WHAT THE TASK REQUIRES — Find the line containing "4 GOLF COURT, Carlisle, PA 17015" in the listing below. Repeat it exactly, along with each following line up to and including the one containing "BMW 5 Series (G60) превью 11".

ENTRIES SHOWN —
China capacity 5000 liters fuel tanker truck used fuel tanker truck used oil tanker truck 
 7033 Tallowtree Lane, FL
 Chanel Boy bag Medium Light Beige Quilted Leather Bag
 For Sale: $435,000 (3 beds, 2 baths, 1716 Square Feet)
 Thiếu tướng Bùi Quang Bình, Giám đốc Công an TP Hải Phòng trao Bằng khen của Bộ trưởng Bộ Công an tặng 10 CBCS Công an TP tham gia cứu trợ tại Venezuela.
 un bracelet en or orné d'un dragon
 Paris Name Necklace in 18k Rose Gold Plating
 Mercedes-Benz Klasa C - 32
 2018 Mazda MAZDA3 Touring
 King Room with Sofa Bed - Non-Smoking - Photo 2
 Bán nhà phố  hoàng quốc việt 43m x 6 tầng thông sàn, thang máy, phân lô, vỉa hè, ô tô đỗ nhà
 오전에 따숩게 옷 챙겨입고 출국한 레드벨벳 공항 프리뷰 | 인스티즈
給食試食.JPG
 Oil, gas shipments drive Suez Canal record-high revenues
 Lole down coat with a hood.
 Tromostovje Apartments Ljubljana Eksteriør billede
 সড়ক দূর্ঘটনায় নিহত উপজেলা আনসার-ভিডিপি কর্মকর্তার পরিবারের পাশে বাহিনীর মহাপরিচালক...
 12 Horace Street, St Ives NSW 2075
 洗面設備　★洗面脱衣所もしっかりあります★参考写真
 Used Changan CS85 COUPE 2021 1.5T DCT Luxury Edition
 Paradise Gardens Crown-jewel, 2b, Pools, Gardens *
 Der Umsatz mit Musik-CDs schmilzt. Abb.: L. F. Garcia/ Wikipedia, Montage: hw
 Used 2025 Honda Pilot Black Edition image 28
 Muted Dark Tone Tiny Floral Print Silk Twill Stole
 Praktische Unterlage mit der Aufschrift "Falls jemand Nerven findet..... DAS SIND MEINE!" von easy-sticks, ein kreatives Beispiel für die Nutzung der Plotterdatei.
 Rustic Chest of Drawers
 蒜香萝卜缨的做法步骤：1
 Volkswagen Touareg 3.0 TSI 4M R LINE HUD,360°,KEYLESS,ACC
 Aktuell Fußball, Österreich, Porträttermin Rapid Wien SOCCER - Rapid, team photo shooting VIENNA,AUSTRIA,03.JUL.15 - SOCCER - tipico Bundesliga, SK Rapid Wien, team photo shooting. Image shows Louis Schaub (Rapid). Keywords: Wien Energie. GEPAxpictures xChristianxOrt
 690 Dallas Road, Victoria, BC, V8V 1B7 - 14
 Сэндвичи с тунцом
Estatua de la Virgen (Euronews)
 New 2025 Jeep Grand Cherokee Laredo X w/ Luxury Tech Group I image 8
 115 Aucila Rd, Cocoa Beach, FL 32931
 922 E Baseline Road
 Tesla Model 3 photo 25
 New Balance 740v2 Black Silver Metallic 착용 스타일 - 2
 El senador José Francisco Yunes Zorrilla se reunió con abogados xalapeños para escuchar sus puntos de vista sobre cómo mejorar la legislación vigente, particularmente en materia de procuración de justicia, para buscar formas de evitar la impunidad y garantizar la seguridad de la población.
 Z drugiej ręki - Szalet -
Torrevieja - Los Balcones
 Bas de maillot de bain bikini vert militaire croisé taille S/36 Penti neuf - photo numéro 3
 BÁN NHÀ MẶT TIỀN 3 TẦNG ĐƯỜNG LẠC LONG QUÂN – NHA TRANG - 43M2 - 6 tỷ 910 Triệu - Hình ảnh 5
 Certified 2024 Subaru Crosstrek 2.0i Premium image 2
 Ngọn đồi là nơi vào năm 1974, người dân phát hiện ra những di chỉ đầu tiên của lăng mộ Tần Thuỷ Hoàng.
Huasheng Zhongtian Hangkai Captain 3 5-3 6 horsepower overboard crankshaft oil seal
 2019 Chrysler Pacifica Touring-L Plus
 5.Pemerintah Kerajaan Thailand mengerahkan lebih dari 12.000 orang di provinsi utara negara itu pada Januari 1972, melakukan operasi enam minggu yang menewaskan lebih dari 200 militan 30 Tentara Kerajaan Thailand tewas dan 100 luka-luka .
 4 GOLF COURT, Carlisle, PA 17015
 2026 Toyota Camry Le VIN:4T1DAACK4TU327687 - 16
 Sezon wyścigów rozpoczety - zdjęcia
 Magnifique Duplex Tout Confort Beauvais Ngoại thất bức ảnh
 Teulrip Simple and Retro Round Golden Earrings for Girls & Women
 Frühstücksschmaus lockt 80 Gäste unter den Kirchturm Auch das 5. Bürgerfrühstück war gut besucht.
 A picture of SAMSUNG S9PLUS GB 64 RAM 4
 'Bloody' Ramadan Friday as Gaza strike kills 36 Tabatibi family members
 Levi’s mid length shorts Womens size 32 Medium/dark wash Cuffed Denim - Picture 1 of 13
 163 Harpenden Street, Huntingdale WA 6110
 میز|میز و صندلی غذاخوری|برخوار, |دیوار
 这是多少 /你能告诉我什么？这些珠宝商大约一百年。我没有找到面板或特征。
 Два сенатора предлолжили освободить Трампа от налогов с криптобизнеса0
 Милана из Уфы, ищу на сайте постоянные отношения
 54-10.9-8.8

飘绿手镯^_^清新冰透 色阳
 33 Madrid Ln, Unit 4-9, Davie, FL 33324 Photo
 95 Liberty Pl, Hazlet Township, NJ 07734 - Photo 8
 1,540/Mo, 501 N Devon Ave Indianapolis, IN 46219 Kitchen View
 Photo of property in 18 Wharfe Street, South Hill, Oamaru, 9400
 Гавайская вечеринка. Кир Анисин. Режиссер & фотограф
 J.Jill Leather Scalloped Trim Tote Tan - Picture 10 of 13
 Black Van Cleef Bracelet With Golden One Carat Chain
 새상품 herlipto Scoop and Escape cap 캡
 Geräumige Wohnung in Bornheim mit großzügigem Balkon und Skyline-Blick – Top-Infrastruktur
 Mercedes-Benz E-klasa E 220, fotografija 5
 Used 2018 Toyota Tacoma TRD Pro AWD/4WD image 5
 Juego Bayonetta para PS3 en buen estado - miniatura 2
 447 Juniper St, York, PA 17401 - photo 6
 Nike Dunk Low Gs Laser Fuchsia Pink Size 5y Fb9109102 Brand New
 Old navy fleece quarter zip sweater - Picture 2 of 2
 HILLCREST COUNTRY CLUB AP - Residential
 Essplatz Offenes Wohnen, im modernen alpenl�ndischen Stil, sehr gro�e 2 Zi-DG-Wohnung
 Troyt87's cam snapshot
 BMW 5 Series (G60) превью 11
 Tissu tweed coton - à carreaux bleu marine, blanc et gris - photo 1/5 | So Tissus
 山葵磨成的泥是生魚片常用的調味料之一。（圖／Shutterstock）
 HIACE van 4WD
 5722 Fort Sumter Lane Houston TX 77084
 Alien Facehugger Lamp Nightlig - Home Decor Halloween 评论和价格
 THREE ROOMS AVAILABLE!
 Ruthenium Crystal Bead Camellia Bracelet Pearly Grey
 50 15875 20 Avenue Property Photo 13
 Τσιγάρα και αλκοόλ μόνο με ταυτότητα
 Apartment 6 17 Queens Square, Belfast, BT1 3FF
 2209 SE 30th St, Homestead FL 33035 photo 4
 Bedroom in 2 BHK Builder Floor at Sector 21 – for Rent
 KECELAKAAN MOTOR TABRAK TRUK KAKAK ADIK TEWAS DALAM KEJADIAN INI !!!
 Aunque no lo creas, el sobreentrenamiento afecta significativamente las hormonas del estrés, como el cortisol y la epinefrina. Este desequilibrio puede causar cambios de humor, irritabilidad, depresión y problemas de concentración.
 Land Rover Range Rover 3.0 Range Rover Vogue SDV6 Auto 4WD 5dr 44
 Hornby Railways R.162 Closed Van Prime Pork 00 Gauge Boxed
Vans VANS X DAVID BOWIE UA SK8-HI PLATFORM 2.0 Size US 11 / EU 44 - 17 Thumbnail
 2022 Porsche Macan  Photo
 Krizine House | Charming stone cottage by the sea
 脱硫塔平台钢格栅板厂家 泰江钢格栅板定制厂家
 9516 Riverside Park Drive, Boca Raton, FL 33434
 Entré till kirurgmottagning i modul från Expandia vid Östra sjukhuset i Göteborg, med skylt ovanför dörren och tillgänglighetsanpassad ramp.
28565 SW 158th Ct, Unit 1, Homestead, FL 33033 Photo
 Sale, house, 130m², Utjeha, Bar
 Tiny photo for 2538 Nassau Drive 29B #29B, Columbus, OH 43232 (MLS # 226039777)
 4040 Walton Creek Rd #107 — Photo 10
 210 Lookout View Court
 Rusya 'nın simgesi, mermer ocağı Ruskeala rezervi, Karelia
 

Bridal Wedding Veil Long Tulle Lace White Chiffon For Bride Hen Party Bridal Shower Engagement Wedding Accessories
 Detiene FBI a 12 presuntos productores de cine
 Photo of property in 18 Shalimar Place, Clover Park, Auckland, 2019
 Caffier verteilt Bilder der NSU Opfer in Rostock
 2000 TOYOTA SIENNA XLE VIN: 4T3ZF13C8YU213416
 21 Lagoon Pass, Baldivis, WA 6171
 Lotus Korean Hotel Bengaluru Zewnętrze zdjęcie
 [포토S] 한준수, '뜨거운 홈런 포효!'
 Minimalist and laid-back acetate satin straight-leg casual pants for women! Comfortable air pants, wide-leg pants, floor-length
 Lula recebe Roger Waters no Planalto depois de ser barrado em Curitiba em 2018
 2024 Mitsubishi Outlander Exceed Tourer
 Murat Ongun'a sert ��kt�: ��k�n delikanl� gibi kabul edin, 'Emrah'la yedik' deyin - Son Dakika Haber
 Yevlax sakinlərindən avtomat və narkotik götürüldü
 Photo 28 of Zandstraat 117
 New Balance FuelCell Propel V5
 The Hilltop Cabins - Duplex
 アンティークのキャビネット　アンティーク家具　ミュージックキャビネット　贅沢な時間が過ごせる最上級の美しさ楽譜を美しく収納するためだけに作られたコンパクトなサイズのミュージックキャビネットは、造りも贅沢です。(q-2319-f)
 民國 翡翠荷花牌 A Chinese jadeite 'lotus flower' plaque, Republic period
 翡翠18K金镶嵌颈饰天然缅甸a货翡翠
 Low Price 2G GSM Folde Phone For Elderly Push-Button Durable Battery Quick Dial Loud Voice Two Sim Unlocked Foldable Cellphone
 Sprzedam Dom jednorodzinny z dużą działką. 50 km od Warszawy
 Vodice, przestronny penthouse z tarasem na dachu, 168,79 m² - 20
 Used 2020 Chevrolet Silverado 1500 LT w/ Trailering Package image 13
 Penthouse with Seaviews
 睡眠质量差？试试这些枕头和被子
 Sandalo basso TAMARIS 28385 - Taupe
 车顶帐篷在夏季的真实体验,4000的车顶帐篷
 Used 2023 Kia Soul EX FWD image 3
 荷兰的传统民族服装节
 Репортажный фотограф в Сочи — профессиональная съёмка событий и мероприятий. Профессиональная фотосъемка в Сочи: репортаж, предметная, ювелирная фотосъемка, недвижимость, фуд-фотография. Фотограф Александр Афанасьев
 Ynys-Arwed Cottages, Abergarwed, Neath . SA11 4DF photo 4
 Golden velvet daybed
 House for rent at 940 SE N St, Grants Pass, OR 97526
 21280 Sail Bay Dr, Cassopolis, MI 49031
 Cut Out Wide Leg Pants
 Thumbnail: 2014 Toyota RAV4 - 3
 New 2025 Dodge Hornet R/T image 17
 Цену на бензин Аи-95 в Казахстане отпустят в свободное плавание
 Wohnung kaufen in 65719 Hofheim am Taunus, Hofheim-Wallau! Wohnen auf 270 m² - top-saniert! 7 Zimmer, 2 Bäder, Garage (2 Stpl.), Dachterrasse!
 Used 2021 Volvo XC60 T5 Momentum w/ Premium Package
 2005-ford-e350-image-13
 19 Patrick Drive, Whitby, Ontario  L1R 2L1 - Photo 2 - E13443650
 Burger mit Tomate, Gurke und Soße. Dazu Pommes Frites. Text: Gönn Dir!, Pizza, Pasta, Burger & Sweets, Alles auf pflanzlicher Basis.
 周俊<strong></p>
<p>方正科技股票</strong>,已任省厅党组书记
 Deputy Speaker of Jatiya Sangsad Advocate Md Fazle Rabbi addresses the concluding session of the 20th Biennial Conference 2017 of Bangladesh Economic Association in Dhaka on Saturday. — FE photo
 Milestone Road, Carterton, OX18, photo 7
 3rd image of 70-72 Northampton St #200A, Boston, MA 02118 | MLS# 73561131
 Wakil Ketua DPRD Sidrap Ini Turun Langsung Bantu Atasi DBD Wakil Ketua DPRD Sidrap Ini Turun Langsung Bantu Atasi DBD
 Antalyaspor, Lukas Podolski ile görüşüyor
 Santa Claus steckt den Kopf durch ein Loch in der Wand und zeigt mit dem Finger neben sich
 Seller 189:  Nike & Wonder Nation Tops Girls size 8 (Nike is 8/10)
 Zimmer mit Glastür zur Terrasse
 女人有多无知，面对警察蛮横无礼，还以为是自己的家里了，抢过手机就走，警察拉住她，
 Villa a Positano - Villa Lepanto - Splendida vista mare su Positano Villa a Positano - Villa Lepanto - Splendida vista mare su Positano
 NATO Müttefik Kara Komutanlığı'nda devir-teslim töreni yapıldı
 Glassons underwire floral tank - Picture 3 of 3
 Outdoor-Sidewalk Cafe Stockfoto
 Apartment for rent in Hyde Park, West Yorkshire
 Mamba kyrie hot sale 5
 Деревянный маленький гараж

EXERCISE RESPONSE —
 4 GOLF COURT, Carlisle, PA 17015
 2026 Toyota Camry Le VIN:4T1DAACK4TU327687 - 16
 Sezon wyścigów rozpoczety - zdjęcia
 Magnifique Duplex Tout Confort Beauvais Ngoại thất bức ảnh
 Teulrip Simple and Retro Round Golden Earrings for Girls & Women
 Frühstücksschmaus lockt 80 Gäste unter den Kirchturm Auch das 5. Bürgerfrühstück war gut besucht.
 A picture of SAMSUNG S9PLUS GB 64 RAM 4
 'Bloody' Ramadan Friday as Gaza strike kills 36 Tabatibi family members
 Levi’s mid length shorts Womens size 32 Medium/dark wash Cuffed Denim - Picture 1 of 13
 163 Harpenden Street, Huntingdale WA 6110
 میز|میز و صندلی غذاخوری|برخوار, |دیوار
 这是多少 /你能告诉我什么？这些珠宝商大约一百年。我没有找到面板或特征。
 Два сенатора предлолжили освободить Трампа от налогов с криптобизнеса0
 Милана из Уфы, ищу на сайте постоянные отношения
 54-10.9-8.8

飘绿手镯^_^清新冰透 色阳
 33 Madrid Ln, Unit 4-9, Davie, FL 33324 Photo
 95 Liberty Pl, Hazlet Township, NJ 07734 - Photo 8
 1,540/Mo, 501 N Devon Ave Indianapolis, IN 46219 Kitchen View
 Photo of property in 18 Wharfe Street, South Hill, Oamaru, 9400
 Гавайская вечеринка. Кир Анисин. Режиссер & фотограф
 J.Jill Leather Scalloped Trim Tote Tan - Picture 10 of 13
 Black Van Cleef Bracelet With Golden One Carat Chain
 새상품 herlipto Scoop and Escape cap 캡
 Geräumige Wohnung in Bornheim mit großzügigem Balkon und Skyline-Blick – Top-Infrastruktur
 Mercedes-Benz E-klasa E 220, fotografija 5
 Used 2018 Toyota Tacoma TRD Pro AWD/4WD image 5
 Juego Bayonetta para PS3 en buen estado - miniatura 2
 447 Juniper St, York, PA 17401 - photo 6
 Nike Dunk Low Gs Laser Fuchsia Pink Size 5y Fb9109102 Brand New
 Old navy fleece quarter zip sweater - Picture 2 of 2
 HILLCREST COUNTRY CLUB AP - Residential
 Essplatz Offenes Wohnen, im modernen alpenl�ndischen Stil, sehr gro�e 2 Zi-DG-Wohnung
 Troyt87's cam snapshot
 BMW 5 Series (G60) превью 11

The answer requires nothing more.